The last is particularly important, as it comprises 38 percent of the entire manufacturing sector, the single largest subsector therein. And as Thailand’s experience would suggest, it is also here where there remains great scope for even faster growth. What is significant about this segment of the manufacturing sector is its very high domestic content, being directly linked to our large agricultural sector. In contrast, electronics and garments, our two largest manufactured exports, heavily rely on imported raw materials, hence account for a very thin layer of domestic value added mainly in the form of assembly labor. Growth in the food manufacturing sector and agri-processing industries in general thus creates more jobs and better promotes inclusive growth.
It is already well-established that our best drivers for inclusive growth are agriculture/agribusiness, tourism and manufacturing, which is why the Philippine Development Plan accords highest priority to these economic sectors. Within manufacturing, activities that are closely linked to agriculture and tourism (such as handicrafts, souvenirs and “pasalubong” industries) would have even more potent inclusive growth effects than others. These are also manufacturing activities that lend themselves better to more widely dispersed small- or medium-scale production, thereby further enhancing inclusiveness. Still, we need to push the whole range of manufacturing activities—from light, medium to heavy—that our economy is equipped to support.

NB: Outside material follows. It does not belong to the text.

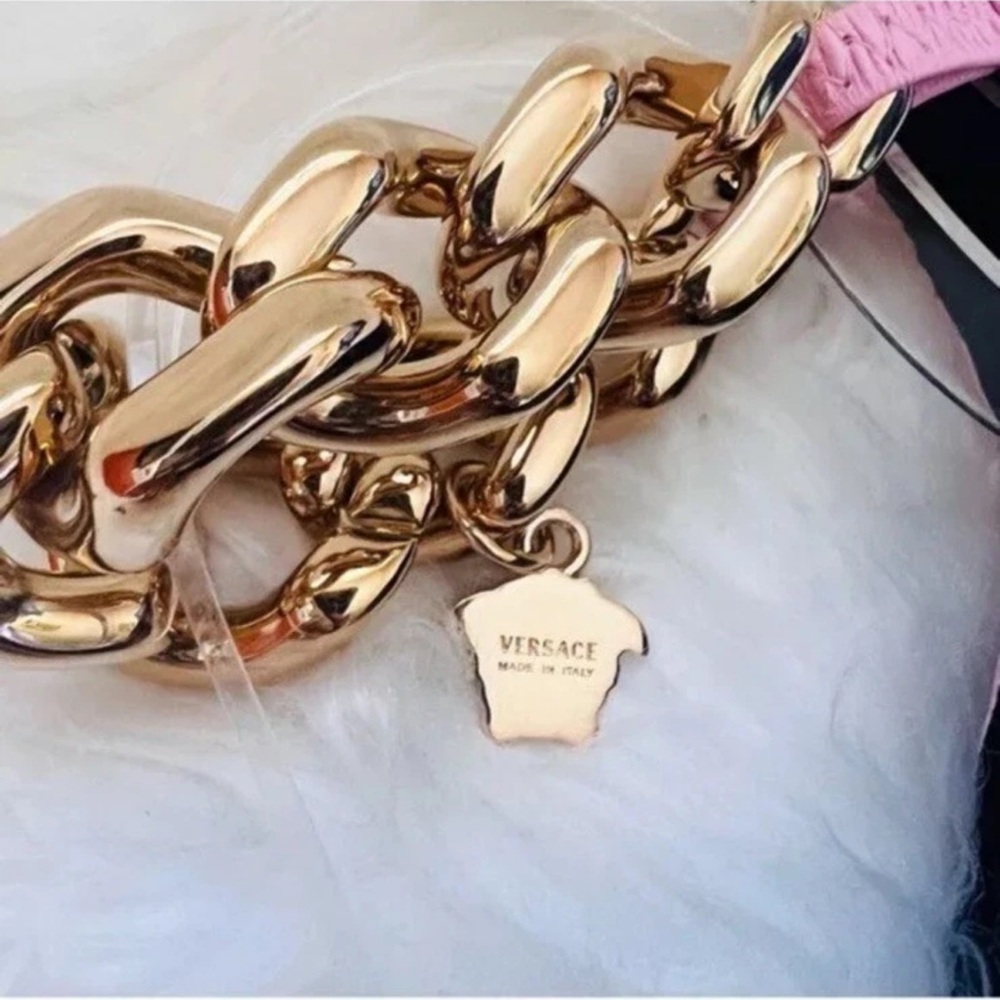 New! VERSACE Medusa Chain Square Toe Heels Pink Leather Gold Hardware Sandals - Picture 14 of 15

The road map for manufacturing calls for a combination of “shotgun” and “rifle” approaches, or what the draft road map calls horizontal and vertical interventions. The former type addresses general constraints to investments in general, including protection of property rights, policy consistency, rule of law, sanctity of contracts, labor market flexibility, research and development support, and lowering the general costs of doing business. “Rifle” or vertical interventions are focused on specific firms, industries and sectors, and include targeted loans, subsidies, tax incentives, industry-specific infrastructure provision and human resource development. But history teaches us that targeted incentives from government must be limited in both time and financial cost, and not be in the form of monopoly rent, high tariffs, or other distortions prone to rent-seeking and political capture.
With clear signs that manufacturing is on a resurgence in our country, helped along by a confluence of positive internal and external factors, we would do well to have a clear road map for the sector indeed. And this time, we’d better implement it right.